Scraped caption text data
+++++
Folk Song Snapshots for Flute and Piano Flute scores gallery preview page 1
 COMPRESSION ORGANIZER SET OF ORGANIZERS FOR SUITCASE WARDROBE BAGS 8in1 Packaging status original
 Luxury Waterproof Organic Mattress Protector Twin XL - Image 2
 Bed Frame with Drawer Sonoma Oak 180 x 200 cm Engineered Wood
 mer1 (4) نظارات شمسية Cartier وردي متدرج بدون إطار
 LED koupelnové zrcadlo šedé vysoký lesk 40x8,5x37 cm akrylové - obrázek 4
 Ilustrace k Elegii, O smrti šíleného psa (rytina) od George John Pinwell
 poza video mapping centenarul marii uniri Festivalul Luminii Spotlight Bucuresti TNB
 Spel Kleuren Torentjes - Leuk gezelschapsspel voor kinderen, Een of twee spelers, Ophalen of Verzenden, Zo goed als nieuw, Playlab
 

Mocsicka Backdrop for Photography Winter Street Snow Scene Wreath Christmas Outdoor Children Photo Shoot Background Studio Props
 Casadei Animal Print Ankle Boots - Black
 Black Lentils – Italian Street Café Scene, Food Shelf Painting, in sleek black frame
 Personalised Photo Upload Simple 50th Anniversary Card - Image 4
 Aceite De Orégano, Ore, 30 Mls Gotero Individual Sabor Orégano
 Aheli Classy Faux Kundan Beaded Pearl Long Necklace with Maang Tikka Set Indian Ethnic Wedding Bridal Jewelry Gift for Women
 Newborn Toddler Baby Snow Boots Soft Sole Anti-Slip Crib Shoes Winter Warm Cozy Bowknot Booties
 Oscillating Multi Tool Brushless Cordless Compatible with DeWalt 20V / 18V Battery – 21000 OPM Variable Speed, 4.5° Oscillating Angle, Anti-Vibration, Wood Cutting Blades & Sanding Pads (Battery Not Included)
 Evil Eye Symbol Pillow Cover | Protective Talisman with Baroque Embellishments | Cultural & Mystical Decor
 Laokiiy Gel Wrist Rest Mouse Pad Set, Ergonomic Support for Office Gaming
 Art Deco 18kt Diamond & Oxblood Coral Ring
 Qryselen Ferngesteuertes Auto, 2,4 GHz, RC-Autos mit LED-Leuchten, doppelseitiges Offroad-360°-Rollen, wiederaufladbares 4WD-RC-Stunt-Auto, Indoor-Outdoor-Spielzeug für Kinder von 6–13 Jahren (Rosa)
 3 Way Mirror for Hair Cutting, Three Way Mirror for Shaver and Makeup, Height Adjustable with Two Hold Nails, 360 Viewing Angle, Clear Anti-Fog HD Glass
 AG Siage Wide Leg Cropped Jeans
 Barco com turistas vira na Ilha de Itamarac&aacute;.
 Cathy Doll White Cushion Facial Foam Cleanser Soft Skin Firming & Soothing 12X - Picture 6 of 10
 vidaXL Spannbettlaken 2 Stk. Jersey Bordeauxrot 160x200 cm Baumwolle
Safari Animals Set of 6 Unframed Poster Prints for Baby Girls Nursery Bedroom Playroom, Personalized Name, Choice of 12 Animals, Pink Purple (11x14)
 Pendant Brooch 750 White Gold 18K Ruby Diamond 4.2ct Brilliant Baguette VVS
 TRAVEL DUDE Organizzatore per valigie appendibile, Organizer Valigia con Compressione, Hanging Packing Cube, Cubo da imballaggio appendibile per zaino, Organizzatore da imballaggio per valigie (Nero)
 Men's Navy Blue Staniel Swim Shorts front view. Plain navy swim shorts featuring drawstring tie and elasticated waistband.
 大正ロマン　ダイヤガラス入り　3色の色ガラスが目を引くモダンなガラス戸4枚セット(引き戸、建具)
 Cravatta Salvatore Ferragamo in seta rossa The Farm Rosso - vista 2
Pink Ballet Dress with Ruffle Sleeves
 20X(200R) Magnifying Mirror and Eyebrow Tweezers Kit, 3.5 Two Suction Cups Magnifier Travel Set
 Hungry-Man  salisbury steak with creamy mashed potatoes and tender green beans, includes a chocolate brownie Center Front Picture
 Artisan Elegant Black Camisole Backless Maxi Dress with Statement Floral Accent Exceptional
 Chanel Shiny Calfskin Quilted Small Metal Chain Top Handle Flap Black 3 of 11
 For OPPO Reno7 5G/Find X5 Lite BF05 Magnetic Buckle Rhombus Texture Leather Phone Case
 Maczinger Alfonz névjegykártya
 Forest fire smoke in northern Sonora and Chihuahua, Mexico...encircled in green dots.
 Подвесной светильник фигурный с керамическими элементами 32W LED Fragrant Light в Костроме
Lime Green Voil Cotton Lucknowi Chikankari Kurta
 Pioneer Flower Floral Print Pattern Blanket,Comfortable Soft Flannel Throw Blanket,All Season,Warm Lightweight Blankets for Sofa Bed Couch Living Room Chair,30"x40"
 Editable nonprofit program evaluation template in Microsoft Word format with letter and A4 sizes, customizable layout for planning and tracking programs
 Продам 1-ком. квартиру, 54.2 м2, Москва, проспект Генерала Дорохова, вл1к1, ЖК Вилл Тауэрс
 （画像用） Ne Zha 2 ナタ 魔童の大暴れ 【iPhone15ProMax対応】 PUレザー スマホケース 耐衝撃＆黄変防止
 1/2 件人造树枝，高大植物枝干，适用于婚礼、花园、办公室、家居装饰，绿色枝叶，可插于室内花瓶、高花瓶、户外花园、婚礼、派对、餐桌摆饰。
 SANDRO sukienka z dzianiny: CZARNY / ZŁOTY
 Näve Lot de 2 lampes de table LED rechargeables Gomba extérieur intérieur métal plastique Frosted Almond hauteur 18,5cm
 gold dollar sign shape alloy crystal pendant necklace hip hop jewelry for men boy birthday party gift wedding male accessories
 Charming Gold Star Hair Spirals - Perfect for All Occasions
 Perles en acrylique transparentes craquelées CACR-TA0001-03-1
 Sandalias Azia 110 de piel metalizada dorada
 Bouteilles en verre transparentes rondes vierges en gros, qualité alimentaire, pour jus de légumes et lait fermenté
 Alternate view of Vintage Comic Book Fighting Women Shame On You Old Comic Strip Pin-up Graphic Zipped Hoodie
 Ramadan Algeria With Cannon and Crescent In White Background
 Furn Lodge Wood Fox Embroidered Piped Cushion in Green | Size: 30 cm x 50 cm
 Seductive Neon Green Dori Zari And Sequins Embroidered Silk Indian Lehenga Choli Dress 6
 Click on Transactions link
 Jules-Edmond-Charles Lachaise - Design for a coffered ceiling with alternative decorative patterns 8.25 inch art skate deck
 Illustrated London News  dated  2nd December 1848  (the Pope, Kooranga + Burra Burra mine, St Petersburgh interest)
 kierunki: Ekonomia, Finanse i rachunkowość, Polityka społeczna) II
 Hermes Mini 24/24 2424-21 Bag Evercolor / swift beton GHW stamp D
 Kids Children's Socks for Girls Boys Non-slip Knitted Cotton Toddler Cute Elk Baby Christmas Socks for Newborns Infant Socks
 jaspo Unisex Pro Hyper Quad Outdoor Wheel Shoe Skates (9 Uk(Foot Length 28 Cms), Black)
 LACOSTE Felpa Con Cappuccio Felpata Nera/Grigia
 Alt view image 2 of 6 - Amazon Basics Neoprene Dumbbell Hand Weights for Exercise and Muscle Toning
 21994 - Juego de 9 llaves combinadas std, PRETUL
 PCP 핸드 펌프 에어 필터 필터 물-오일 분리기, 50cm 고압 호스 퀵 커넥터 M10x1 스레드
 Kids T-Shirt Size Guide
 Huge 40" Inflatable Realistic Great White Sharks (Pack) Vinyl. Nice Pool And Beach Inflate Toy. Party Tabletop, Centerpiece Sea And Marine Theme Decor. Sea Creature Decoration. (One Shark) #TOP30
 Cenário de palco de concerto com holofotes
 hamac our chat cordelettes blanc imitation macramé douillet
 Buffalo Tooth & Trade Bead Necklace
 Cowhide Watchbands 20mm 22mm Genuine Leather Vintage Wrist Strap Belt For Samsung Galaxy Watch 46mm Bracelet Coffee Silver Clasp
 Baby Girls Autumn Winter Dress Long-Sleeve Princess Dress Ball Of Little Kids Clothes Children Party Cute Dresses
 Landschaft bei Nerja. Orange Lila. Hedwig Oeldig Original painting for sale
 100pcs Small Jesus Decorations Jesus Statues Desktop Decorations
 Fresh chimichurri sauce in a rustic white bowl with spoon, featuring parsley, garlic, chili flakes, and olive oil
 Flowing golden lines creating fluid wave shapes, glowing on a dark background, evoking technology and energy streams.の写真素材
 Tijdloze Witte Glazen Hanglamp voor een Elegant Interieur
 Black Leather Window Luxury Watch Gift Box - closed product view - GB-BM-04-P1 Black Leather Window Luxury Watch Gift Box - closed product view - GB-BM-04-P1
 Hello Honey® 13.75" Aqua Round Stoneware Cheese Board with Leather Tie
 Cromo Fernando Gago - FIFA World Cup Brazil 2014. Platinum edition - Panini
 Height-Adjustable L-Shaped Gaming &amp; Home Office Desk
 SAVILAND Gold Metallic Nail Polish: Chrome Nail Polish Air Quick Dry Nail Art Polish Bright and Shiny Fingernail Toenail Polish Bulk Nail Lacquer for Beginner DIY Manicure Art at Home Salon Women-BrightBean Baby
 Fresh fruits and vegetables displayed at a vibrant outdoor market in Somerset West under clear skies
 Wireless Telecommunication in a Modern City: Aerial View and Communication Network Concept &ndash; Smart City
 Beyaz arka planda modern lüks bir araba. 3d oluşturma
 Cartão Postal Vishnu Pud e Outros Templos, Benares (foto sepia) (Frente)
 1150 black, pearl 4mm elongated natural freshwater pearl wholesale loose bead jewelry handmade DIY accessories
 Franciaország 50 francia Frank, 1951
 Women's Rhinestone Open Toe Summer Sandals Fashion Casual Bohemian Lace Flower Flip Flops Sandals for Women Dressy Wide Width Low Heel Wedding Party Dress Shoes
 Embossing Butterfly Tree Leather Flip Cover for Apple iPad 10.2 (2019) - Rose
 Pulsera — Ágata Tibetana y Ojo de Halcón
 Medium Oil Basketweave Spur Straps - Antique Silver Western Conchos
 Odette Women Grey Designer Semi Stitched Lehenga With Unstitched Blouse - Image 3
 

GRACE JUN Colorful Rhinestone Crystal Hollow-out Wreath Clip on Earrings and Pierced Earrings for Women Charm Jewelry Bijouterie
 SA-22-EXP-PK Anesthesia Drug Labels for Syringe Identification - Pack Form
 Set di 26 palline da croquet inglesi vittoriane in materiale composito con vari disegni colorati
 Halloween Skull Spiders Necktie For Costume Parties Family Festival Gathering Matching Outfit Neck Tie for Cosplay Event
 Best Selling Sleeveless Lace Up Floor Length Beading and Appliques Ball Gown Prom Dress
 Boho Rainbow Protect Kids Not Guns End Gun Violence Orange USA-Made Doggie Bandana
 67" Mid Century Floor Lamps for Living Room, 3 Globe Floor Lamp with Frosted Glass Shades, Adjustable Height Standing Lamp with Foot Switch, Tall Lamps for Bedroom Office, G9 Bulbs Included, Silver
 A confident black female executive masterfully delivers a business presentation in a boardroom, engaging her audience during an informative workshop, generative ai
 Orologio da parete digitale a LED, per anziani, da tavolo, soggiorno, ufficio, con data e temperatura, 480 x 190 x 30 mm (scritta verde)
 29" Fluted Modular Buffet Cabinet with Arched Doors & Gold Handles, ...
+++++
WHAT IS REQUIRED: Print exactly the lines above from the one with "Artisan Elegant Black" to the one with "Jules-Edmond-Charles Lachaise - Design", including both.

SOLUTION TO THIS EXERCISE:
 Artisan Elegant Black Camisole Backless Maxi Dress with Statement Floral Accent Exceptional
 Chanel Shiny Calfskin Quilted Small Metal Chain Top Handle Flap Black 3 of 11
 For OPPO Reno7 5G/Find X5 Lite BF05 Magnetic Buckle Rhombus Texture Leather Phone Case
 Maczinger Alfonz névjegykártya
 Forest fire smoke in northern Sonora and Chihuahua, Mexico...encircled in green dots.
 Подвесной светильник фигурный с керамическими элементами 32W LED Fragrant Light в Костроме
Lime Green Voil Cotton Lucknowi Chikankari Kurta
 Pioneer Flower Floral Print Pattern Blanket,Comfortable Soft Flannel Throw Blanket,All Season,Warm Lightweight Blankets for Sofa Bed Couch Living Room Chair,30"x40"
 Editable nonprofit program evaluation template in Microsoft Word format with letter and A4 sizes, customizable layout for planning and tracking programs
 Продам 1-ком. квартиру, 54.2 м2, Москва, проспект Генерала Дорохова, вл1к1, ЖК Вилл Тауэрс
 （画像用） Ne Zha 2 ナタ 魔童の大暴れ 【iPhone15ProMax対応】 PUレザー スマホケース 耐衝撃＆黄変防止
 1/2 件人造树枝，高大植物枝干，适用于婚礼、花园、办公室、家居装饰，绿色枝叶，可插于室内花瓶、高花瓶、户外花园、婚礼、派对、餐桌摆饰。
 SANDRO sukienka z dzianiny: CZARNY / ZŁOTY
 Näve Lot de 2 lampes de table LED rechargeables Gomba extérieur intérieur métal plastique Frosted Almond hauteur 18,5cm
 gold dollar sign shape alloy crystal pendant necklace hip hop jewelry for men boy birthday party gift wedding male accessories
 Charming Gold Star Hair Spirals - Perfect for All Occasions
 Perles en acrylique transparentes craquelées CACR-TA0001-03-1
 Sandalias Azia 110 de piel metalizada dorada
 Bouteilles en verre transparentes rondes vierges en gros, qualité alimentaire, pour jus de légumes et lait fermenté
 Alternate view of Vintage Comic Book Fighting Women Shame On You Old Comic Strip Pin-up Graphic Zipped Hoodie
 Ramadan Algeria With Cannon and Crescent In White Background
 Furn Lodge Wood Fox Embroidered Piped Cushion in Green | Size: 30 cm x 50 cm
 Seductive Neon Green Dori Zari And Sequins Embroidered Silk Indian Lehenga Choli Dress 6
 Click on Transactions link
 Jules-Edmond-Charles Lachaise - Design for a coffered ceiling with alternative decorative patterns 8.25 inch art skate deck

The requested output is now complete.